No sentían así los primeros cristianos. La figura de Jesús buen pastor se convirtió muy pronto en la imagen más querida de Jesús.
Ya en las catacumbas de Roma se le representa cargando sobre sus
hombros a la oveja perdida. Nadie está pensando en Jesús como un pastor
autoritario dedicado a vigilar y controlar a sus seguidores, sino como
un pastor bueno que cuida de ellas.
El "pastor bueno" se preocupa de sus ovejas. Es su primer rasgo. No
las abandona nunca. No las olvida. Vive pendiente de ellas. Está siempre atento a las más débiles o enfermas.

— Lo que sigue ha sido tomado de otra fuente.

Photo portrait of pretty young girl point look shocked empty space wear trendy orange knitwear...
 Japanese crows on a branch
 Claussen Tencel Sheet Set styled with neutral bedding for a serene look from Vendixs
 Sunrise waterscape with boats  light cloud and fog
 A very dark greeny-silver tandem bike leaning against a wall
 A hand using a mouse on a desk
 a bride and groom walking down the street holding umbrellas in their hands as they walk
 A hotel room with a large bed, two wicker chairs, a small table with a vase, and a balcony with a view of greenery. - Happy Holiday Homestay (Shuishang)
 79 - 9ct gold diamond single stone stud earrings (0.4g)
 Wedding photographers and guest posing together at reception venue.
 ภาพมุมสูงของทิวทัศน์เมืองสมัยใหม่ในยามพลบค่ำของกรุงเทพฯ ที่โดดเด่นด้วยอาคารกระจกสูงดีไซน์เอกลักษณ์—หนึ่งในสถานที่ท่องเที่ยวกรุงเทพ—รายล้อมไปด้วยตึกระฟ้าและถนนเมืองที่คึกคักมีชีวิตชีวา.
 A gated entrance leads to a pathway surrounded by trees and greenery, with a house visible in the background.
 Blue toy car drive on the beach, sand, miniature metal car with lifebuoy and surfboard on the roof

No es como el pastor mercenario que, cuando ve algún peligro, huye para
salvar su vida abandonando al rebaño. No le importan las ovejas.
Jesús había dejado un recuerdo imborrable. Los relatos evangélicos
lo describen preocupado por los enfermos, los marginados, los pequeños,
los más indefensos y olvidados, los más perdidos. No parece preocuparse de sí mismo. Siempre se le ve pensando en los demás. Le importan sobre todo los más desvalidos.
Pero hay algo más. "El pastor bueno da la vida por sus ovejas". Es
el segundo rasgo. Hasta cinco veces repite el evangelio de Juan este
lenguaje. El amor de Jesús a la gente no tiene límites. Ama a los demás más que a sí mismo. Ama a todos con amor de buen pastor que no huye ante el peligro sino que da su vida por salvar al rebaño.
Por eso, la imagen de Jesús, "pastor bueno", se convirtió muy pronto en un mensaje de consuelo y confianza
para sus seguidores. Los cristianos aprendieron a dirigirse a Jesús con
palabras tomadas del salmo 22: "El Señor es mi pastor, nada me falta...
aunque camine por cañadas oscuras, nada temo, porque tú vas conmigo...
Tu bondad y tu misericordia me acompañan todos los días de mi vida".
Los cristianos vivimos con frecuencia una relación bastante pobre
con Jesús. Necesitamos conocer una experiencia más viva y entrañable. No
creemos que él cuida de nosotros. Se nos olvida que podemos acudir a él cuando nos sentimos cansados y sin fuerzas o perdidos y desorientados.
Una Iglesia formada por cristianos que se relacionan con un Jesús
mal conocido, confesado solo de manera doctrinal, un Jesús lejano cuya
voz no se escucha bien en las comunidades..., corre el riesgo de olvidar
a su Pastor. Pero, ¿quién cuidará a la Iglesia si no es su Pastor?